The NSA is working to get ahead of potentially harmful surveillance activities, said Rebecca Richards, the agency's civil liberties and privacy officer. The NSA has always checked with its general counsel to determine the legality of surveillance activities, but now it’s addressing surveillance questions on a more comprehensive level, she said.
Privacy isn’t a just an individual interest, but a “societal” interest, said Daniel Solove, George Washington University law professor. Personal data collection via surveillance can cause “significant problems,” including “chilling” of expression, he said. Government surveillance raises a myriad of questions about the relationship between the state and the citizen, said Solove. Balancing privacy and security interests will be possible through a “reasonable amount of accountability, he said. While there shouldn’t be “absolute transparency” for governments, citizens should be able to “evaluate government surveillance,” he said. Current laws don’t provide “adequate oversight and accountability” for government surveillance, he said. Solove said a “bottom up” perspective would allow policymakers to determine the harms caused by government surveillance activities.
The “benefits” of government surveillance programs should also be examined, said Paul Rosenzweig, Red Branch Consulting founder and senior adviser to the Chertoff Group. Modern “error correction mechanisms” need to be instituted within surveillance programs to reduce mistakes, he said. Rosenzweig analogized the risks of arming police officers to the risks inherent in government surveillance: Because police officers sometimes misuse their weapons, the key is to reduce those risks through training and other means, he said. Privacy “enables democracy” and “personal morality,” but the “idea that democracies can’t have secrets is untenable,” said Rosenzweig.

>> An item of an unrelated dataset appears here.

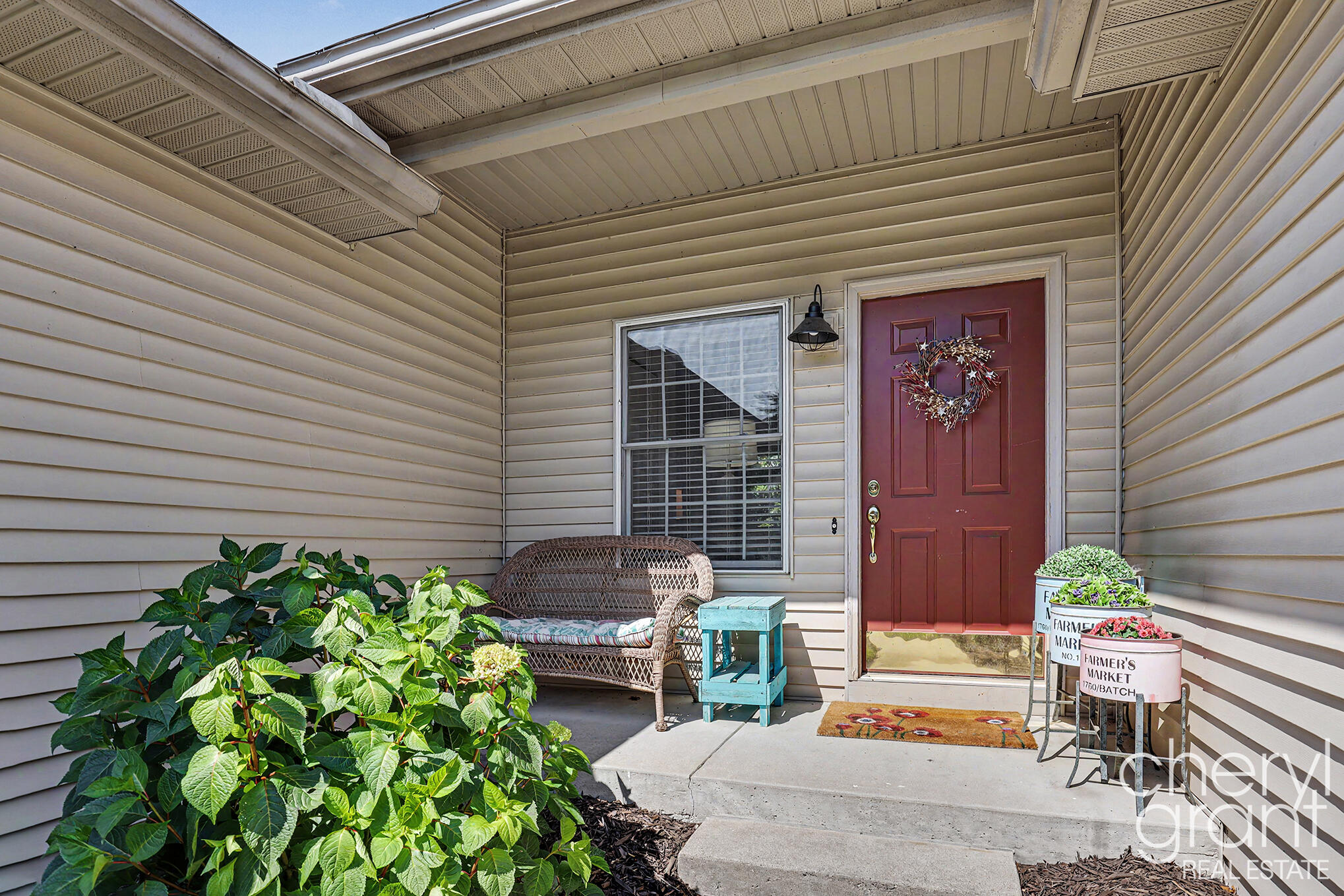 2297 Christine Court SE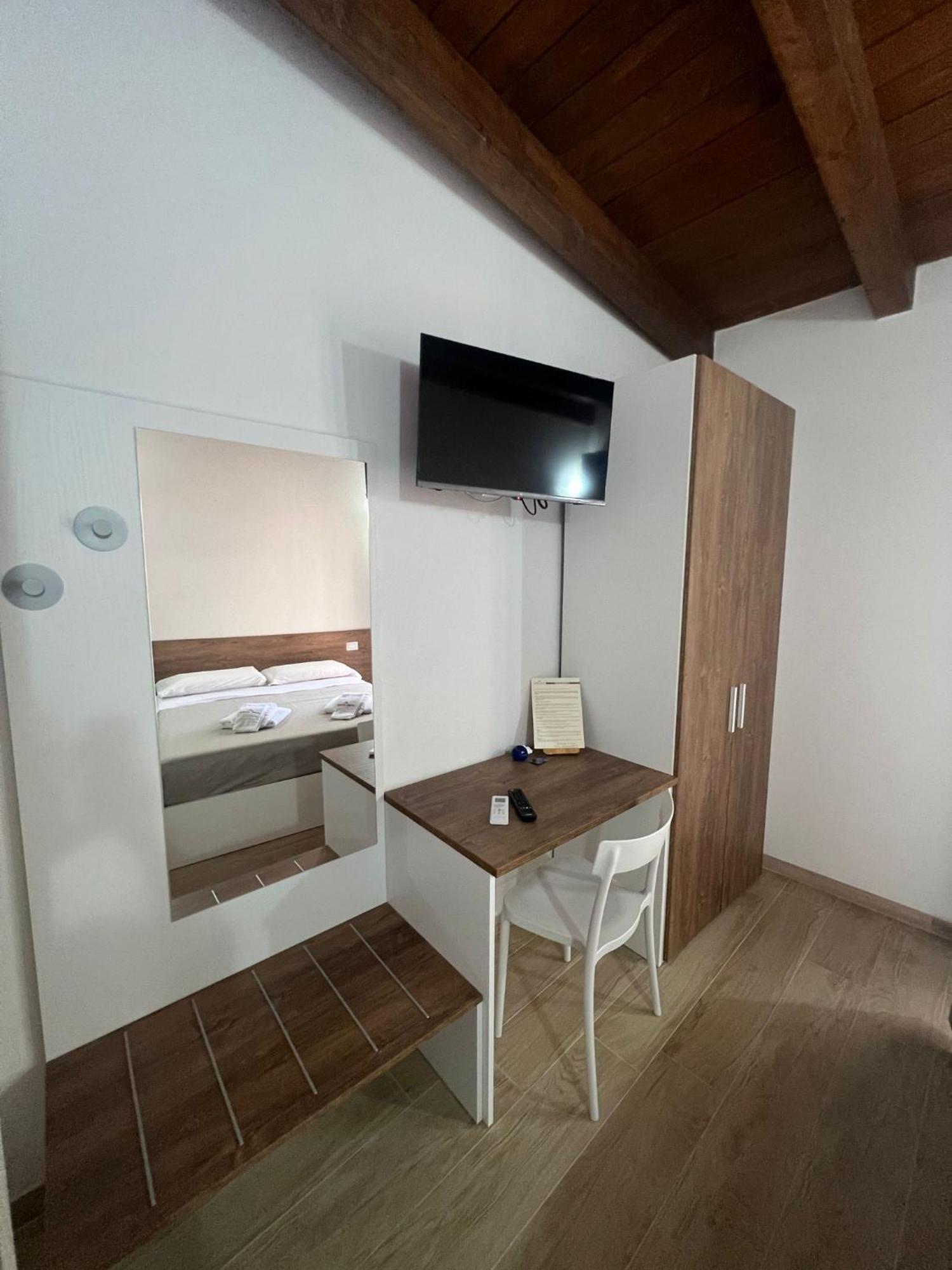 B&B Vittorio Emanuele Ciro Marina Exterior photo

Companies don’t have the “ability or the motive” to persecute individuals for their political beliefs, said Liza Goitein, New York University co-director of the Liberty and National Security Program at the Brennan Center for Justice. But the “line” between major corporations and the U.S. government is getting “thinner and thinner,” she said. The “firewall” between government and industry for data collection needs to be reconstructed, said Alvaro Bedoya, Georgetown University Law Center's Center on Privacy and Technology executive director. The surveillance model of collecting as much data as possible needs to be “limited,” particularly on the government side, he said.
PCLOB member James Dempsey noted a “growing trend” between tech devices, including wearables, and data collection. Some companies and consumers concerned about data collection have responded with stronger encryption methods, he said. The “expanded” use of encryption is being “driven” by “customer demand,” said Microsoft's Hintze. Consumers aren’t just worried about data security, but data collection by governments, he said. Although tech companies will continue to invest in encryption, that doesn’t mean there won’t be any data available, said Hintze. There’s always a “point in the communication chain” where data is accessible, he said.